Mahkemece davacı vekiline dava değerine göre eksik kalan 2.000.000 USD"nin TL karşılığı üzerinden harcın ikmal edilmesi için kesin süre verildiği, davacı vekilinin buna karşılık adli yardım talebinde bulunduğu, adli yardım koşullarının oluşmadığı ve verilen kesin süre içerisinde de eksik harcın ikmal edilmediğinden davanın reddine karar verilmiştir.
6100 sayılı HMK"nın “adli yardımdan yararlanacak kişiler” başlıklı 334. maddesinde kendisi ve ailesinin geçimini önemli ölçüde zor duruma düşürmeksizin, gereken yargılama veya takip giderlerini kısmen veya tamamen ödeme gücünden yoksun olan kimselerin iddia ve savunmalarında, geçici hukuki korunma taleplerinde ve icra takibinde, haklı oldukları yolunda kanaat uyandırmak kaydıyla adli yardımdan yararlanabileceği, maddenin ikinci fıkrasında tüzel kişiler açısından ise sadece kamuya yararlı dernek ve vakıflar, iddia ve savunmalarında haklı göründükleri ve mali açıdan zor duruma düşmeden gerekli giderleri kısmen veya tamamen ödeyemeyecek durumda oldukları takdirde adli yardımdan yararlanabilecekleri düzenlenmiştir.
492 sayılı Harçlar Kanununun 30. maddesi gereğince de yargılama aşamasında tespit edilen dava değerinin dava dilekçesinde bildirilen değerden fazla olduğunun anlaşılması halinde yargılamaya ancak o celse için devam edilir.
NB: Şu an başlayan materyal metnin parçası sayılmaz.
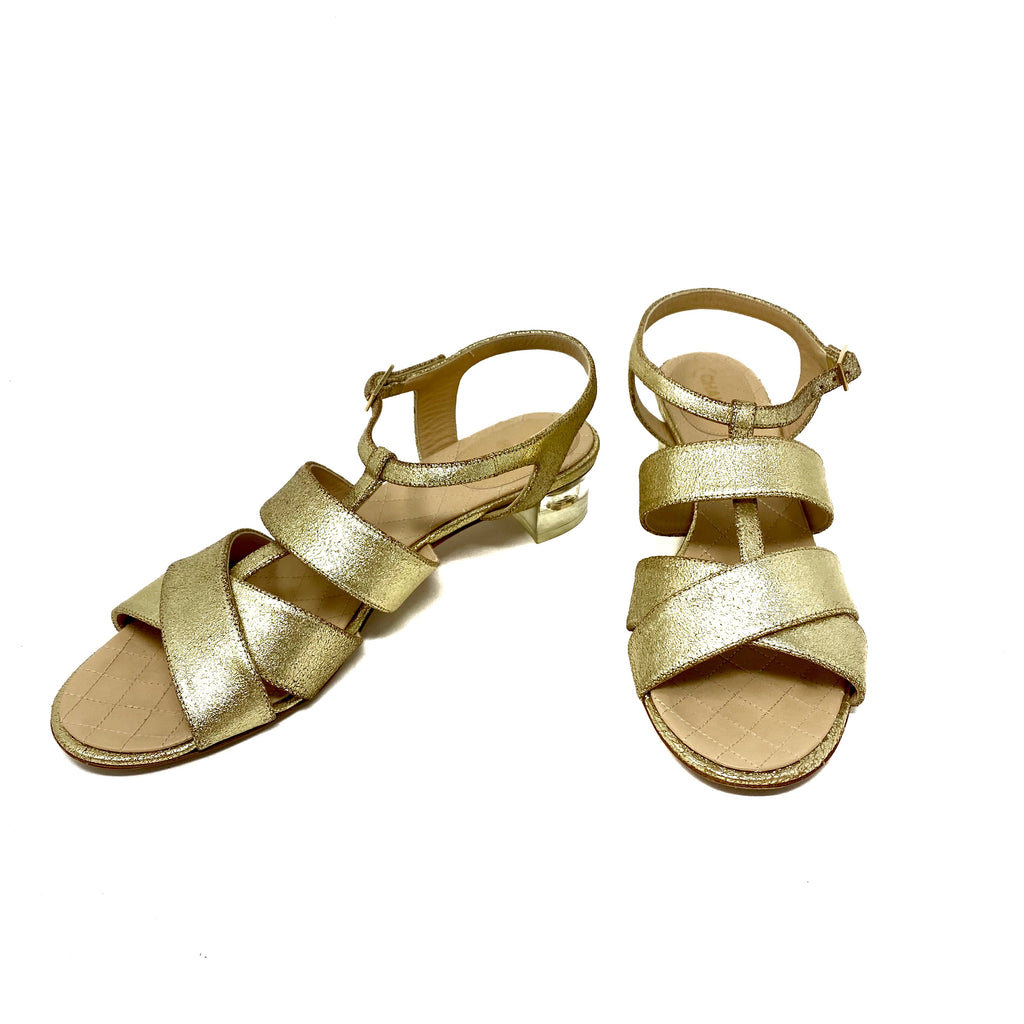 Chanel Gold Metallic Strappy Sandals Lucite Heels G30585 Size 42 –  Jewelsunderthesea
Eğer eksik harç takip eden celseye kadar tamamlanmazsa davaya devam olunmaz.
Bu açıklamalar ışığında, davacı davalıya geri kalan 2.000.000 USD borç bedelini ödemeye hazır olduğunu bildirdirdiğinden 6100 Sayılı HMK"nın 334. maddesinde belirtilen adli yardım koşullarının gerçekleşmediği anlaşılmaktadır. Bu itibarla davacı vekilinin adli yardım talebinin reddinde bir usulsüzlük bulunmamaktadır. Ancak mahkemece davacı vekiline tebliğ edilen ihtarnamede 492 sayılı Harçlar Kanununun 30. maddesi gereğince eksik harcın tamamlanmaması halinde davanın açılmamış sayılmasına karar verileceğinin belirtilmesi gerekirken davanın reddine karar verileceğinin bildirilmesi yasa hükmüne aykırı olup bu ihtarname esas alınarak davanın reddi doğru görülmemiş, bu sebeple kararın bozulması gerekmiştir.
SONUÇ: Yukarıda açıklanan nedenlerle davacı vekilinin temyiz itirazlarının kabulü ile hükmün BOZULMASINA, peşin harcın istek halinde yatırana iadesine, 17.03.2014 gününde oybirliği ile karar verildi.